The appellant's objection was based on a specific ground, i.e., the incompetency of the testifying witness. Miss.R.Evid. 103(a) states, inter alia, that error may not be predicated upon a ruling which admits evidence unless a substantial right of the party is affected, and a timely objection or motion to strike appears of record, stating the specific ground of objection, if the specific ground was not apparent from the context. Because the appellant stated the specific ground for his objection the witness's incompetency we need not consider whether any other ground was apparent from the context. In other words, the context, which included appellant's specific objection, made it obvious that appellant considered no other ground. Therefore, the ground which he now urges on appeal impermissible impeachment by extrinsic evidence on collateral matter was waived by his failure to raise it at trial. Miss.R.Evid. 103(a)(1); Lucas v. State, 381 So. 2d 140, 143-44 (Miss. 1980). See also Murphy v. State, 453 So. 2d 1290, 1292 (Miss. 1984) (where no specific ground for objection was given, and where ground was obvious from context, issue could be considered on appeal).
Appellant next contends Instruction G-32, a negligent design instruction relating to Grove, was improperly submitted to the jury. He argues that he abandoned his negligence claim and that this was evident through the testimony he elicited at trial and that he proceeded solely on a theory of strict liability. He concedes, however, that the instruction is a proper statement of the law as it applies to a negligent design case. We find no error in the court's granting Instruction G-32 as at no time did appellant inform the court or opposite counsel that he was amending his pleadings as they pertained to Grove and the claim of negligent design.

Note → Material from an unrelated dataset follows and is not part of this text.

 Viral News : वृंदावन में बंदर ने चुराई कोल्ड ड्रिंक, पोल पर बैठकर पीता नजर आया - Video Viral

Furthermore, the appellant's objection at trial to Instruction G-32 was entered on the basis that the instruction was peremptory. No assignment of error based on the granting of an instruction will be considered on appeal by this Court unless specific objection was made to the instruction in the trial court stating the particular ground or grounds for such objection. Rule 42 of the Rules of the Supreme Court of Mississippi. Having made a specific objection to Instruction G-32 the appellant has waived his right to raise a different objection before this Court.
We are of the opinion that the evidence offered was sufficient to support the jury's verdict. In affirming we are mindful of the fact that the verdict of the jury is to be given great weight. No trial is free of error; however, to require reversal the error must be of such magnitude as to leave no doubt that the appellant was unduly prejudiced. The record before us reveals no reversible error. No trial is perfect, all that is guaranteed is a fair trial. Parmes v. Illinois Cent. Gulf R.R., 440 So. 2d 261 (Miss. 1983). We are of the opinion the appellant received a fair trial, and we affirm.
ROY NOBLE LEE and HAWKINS, P.JJ., and DAN M. LEE, PRATHER, ROBERTSON, SULLIVAN, ANDERSON and GRIFFIN, JJ., concur.